── Source data
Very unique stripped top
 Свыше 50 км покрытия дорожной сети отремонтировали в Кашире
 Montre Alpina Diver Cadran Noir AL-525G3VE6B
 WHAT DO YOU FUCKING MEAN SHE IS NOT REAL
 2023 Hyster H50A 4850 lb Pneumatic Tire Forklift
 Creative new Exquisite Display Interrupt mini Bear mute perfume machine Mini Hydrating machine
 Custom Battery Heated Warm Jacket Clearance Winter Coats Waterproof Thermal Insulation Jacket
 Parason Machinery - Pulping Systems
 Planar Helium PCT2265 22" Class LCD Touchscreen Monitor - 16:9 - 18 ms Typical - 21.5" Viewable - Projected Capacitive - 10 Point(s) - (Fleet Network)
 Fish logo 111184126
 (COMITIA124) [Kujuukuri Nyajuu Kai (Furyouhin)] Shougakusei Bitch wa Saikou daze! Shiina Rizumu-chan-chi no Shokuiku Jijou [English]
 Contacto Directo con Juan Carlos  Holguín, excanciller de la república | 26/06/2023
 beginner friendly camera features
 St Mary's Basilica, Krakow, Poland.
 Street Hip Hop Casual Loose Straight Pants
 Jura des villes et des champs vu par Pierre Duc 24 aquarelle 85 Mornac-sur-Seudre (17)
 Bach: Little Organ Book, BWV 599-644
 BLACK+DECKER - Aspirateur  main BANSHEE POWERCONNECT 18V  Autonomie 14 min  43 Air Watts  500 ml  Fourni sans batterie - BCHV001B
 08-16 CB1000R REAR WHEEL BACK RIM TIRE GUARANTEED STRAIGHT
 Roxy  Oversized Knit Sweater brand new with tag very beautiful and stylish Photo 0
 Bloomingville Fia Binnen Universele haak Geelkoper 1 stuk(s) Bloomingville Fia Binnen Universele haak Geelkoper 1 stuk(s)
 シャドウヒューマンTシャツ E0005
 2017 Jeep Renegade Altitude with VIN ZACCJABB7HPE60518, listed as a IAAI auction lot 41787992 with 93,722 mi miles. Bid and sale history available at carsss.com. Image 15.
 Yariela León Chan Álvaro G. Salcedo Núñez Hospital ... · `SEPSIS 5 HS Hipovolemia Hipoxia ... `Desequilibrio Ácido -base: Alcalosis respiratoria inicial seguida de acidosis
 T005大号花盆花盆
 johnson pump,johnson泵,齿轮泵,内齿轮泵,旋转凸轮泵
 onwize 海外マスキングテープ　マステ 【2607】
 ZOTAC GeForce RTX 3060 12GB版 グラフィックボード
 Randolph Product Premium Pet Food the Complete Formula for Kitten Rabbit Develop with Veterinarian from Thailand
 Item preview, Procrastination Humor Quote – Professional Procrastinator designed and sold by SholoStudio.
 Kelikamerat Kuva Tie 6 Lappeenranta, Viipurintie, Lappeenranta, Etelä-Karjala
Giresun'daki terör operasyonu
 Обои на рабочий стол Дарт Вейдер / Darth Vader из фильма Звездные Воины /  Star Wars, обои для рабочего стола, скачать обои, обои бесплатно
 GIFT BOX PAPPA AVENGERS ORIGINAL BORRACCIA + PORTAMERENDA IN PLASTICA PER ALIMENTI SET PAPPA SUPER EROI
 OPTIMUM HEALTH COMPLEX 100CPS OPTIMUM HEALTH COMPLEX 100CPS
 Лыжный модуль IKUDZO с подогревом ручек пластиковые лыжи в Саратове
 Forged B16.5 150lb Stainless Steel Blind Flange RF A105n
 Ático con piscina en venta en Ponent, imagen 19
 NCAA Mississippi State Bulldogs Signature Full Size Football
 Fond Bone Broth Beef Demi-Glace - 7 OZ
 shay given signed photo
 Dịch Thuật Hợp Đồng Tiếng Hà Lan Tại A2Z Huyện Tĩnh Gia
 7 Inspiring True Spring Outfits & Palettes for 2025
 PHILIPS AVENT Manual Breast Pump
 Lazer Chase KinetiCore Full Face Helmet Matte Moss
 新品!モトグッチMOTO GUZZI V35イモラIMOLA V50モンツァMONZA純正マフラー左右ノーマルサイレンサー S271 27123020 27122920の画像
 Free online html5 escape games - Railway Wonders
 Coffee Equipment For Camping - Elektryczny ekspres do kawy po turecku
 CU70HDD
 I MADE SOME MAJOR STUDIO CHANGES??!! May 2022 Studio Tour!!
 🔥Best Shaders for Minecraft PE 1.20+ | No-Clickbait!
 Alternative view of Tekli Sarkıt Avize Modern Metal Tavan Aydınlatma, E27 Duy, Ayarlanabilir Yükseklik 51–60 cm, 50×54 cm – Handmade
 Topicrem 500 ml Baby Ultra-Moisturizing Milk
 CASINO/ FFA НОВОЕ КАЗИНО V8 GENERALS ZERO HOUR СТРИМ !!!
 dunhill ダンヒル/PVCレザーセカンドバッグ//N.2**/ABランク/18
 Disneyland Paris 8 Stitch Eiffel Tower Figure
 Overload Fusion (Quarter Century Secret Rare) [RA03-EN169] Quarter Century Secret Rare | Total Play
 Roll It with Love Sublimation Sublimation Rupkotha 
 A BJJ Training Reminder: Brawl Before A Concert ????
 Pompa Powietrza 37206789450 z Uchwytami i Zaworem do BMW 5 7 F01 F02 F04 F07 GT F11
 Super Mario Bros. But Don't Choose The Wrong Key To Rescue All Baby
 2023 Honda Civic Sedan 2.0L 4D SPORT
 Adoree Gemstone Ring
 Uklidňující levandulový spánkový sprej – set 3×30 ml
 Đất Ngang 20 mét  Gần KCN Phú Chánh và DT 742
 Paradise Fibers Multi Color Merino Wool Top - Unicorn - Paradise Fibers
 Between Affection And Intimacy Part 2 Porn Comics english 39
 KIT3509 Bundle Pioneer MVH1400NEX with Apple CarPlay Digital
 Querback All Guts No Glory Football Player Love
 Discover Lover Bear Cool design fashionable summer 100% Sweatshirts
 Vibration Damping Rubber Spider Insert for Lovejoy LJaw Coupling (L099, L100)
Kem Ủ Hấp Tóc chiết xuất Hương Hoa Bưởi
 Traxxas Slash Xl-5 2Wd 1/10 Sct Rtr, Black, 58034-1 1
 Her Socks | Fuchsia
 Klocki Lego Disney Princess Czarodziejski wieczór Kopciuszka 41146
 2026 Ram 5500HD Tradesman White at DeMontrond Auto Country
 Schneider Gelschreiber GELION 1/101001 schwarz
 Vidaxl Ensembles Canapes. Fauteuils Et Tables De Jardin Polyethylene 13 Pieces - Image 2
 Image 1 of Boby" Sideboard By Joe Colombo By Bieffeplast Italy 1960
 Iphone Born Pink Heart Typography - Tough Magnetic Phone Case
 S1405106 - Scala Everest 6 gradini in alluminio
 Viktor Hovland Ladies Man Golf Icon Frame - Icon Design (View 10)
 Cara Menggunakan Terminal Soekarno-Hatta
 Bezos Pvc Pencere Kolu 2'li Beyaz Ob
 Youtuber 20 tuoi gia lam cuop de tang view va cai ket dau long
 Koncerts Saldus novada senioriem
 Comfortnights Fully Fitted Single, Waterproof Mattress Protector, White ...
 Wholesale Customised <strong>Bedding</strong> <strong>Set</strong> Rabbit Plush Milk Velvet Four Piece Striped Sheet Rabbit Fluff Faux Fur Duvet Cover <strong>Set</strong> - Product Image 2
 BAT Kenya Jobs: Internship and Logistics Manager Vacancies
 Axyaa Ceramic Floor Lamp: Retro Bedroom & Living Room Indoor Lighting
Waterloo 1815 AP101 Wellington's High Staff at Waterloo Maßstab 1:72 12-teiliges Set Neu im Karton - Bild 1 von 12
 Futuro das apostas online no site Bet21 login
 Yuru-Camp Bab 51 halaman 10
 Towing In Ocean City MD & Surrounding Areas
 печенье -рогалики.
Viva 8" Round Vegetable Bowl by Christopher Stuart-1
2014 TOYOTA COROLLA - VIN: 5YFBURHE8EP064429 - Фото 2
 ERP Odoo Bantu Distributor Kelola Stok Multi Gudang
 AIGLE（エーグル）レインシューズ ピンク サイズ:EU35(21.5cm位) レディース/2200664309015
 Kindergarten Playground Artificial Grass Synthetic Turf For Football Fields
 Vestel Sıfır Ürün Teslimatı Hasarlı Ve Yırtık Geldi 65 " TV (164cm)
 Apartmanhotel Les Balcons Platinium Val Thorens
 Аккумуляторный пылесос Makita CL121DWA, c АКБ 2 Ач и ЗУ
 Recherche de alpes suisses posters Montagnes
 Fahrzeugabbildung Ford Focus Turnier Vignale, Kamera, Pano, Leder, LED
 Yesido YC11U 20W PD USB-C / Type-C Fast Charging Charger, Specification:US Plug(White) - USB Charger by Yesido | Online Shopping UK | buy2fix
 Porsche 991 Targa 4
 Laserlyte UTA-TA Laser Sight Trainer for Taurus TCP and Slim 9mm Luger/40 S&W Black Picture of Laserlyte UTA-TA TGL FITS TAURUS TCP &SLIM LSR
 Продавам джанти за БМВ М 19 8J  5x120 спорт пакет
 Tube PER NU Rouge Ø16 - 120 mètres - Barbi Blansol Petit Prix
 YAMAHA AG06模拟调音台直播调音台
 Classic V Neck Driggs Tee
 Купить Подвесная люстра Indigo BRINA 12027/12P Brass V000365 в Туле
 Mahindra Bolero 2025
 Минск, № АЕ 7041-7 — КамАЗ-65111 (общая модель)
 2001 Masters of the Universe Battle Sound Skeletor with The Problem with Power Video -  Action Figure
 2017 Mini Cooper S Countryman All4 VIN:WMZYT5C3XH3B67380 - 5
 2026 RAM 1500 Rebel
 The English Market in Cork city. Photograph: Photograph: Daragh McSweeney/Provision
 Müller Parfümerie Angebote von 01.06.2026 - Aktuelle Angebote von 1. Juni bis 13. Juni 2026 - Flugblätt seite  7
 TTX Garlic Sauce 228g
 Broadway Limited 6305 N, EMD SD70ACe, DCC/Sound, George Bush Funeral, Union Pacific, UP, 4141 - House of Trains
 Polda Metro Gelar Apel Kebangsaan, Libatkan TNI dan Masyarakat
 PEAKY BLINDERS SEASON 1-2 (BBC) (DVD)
────
> _Exercise aim_
For this exercise, gather every line of the data that contains the word "Rabbit".

> _Written solution_
 Randolph Product Premium Pet Food the Complete Formula for Kitten Rabbit Develop with Veterinarian from Thailand
 Wholesale Customised <strong>Bedding</strong> <strong>Set</strong> Rabbit Plush Milk Velvet Four Piece Striped Sheet Rabbit Fluff Faux Fur Duvet Cover <strong>Set</strong> - Product Image 2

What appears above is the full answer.